Despite these ongoing challenges, textured hair practices remain a powerful vehicle for resistance and empowerment. Wearing natural hair, whether in coils, locs, or braids, becomes a deliberate act of cultural assertion and self-love. It is a visual manifestation of rejecting Eurocentric beauty norms and affirming one’s identity. This choice carries a political statement, fostering a sense of pride and community, especially among those who support each other in their natural hair journeys (Smith Scholarworks, 2024).
The passage of legislative efforts, like the CROWN Act in some regions, aims to protect against hair discrimination, acknowledging the deeply personal and cultural significance of textured hair. This legal progress reflects a societal reckoning with the historical injustices faced by Black and mixed-race individuals because of their hair, and it underscores the enduring power of these practices to drive social change.

Reflection
The journey of textured hair, from its ancient origins to its contemporary expressions, paints a vivid portrait of tenacity and profound cultural memory. It is a story not merely of aesthetics, but of a deeply personal and collective resolve to hold onto something sacred, even when everything else was stripped away. Each curl, coil, and strand holds the echoes of ancestors who, through the simple yet subversive acts of braiding, twisting, and caring for their hair, ensured that their legacy would endure.
Roothea’s ethos reminds us that textured hair is a living, breathing archive. It is a testament to the fact that heritage is not a static relic of the past, but a dynamic, resilient force that adapts, resists, and continues to shape futures. The practices surrounding textured hair, born out of necessity and ingenuity during adversity, have become pillars of cultural identity, fostering connection, self-worth, and an unwavering sense of belonging. As we look ahead, honoring these practices means not only appreciating their historical weight but also nurturing their continued evolution, ensuring that the soul of each strand remains unbound, a luminous beacon for generations to come.

References
- Ayana D. Byrd, & Lori L. Tharps. (2014). Hair Story ❉ Untangling the Roots of Black Hair in America. St. Martin’s Griffin.
- Afriklens. (2024, November 1). African Hairstyles ❉ Cultural Significance and Legacy.
- BLAM UK CIC. (2022, September 15). The history of Black Hair.
- Byrd, A. D. & Tharps, L. L. (2001). Hair Story ❉ Untangling the Roots of Black Hair in America. St. Martin’s Press.
- Chatelaine. (2023, May 17). What My Mother Taught Me About My Hair.

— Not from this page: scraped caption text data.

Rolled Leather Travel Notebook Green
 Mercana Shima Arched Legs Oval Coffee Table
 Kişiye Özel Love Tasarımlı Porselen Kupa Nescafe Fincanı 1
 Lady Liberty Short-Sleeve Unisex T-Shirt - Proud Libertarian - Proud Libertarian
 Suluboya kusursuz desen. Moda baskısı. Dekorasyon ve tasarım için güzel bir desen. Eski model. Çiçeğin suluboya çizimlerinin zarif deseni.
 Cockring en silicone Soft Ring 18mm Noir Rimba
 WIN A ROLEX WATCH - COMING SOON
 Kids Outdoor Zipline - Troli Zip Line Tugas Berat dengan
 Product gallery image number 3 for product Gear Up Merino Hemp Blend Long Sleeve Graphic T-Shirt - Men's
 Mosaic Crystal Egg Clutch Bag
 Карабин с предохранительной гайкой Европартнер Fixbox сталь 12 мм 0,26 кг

- Cultural Survival. (2020, September 30). Honoring the Spiritual Legacy, Resiliency, & Healing Power of Our Ancestors Through Indigenous Customary Hair Traditions.
- Historical Perspectives on Hair Care and Common Styling Practices in Black Women. (2025, March 4).
- Peabody Museum of Archaeology & Ethnology. (2022, December 8). Addressing the Woodbury Collection. Harvard University.
- Smith Scholarworks. (2024). The natural hair transformation ❉ a journey of resilience and resistance.
- The Person Beneath the Hair ❉ Hair Discrimination, Health, and Well-Being. (2023, August 2). International Journal of Environmental Research and Public Health.
- The Politics of Black Hair — The Past, The Present, And The Future. (2021, March 8). The Zoe Report.
- What Every Dermatologist Must Know About the History of Black Hair. (2023, November 30). Journal of Drugs in Dermatology.
- Why it’s not “Just Hair” ❉ The History of Discrimination Against Black Women’s Natural Hair. (2022, October 25). Canadian Journal of Women and the Law.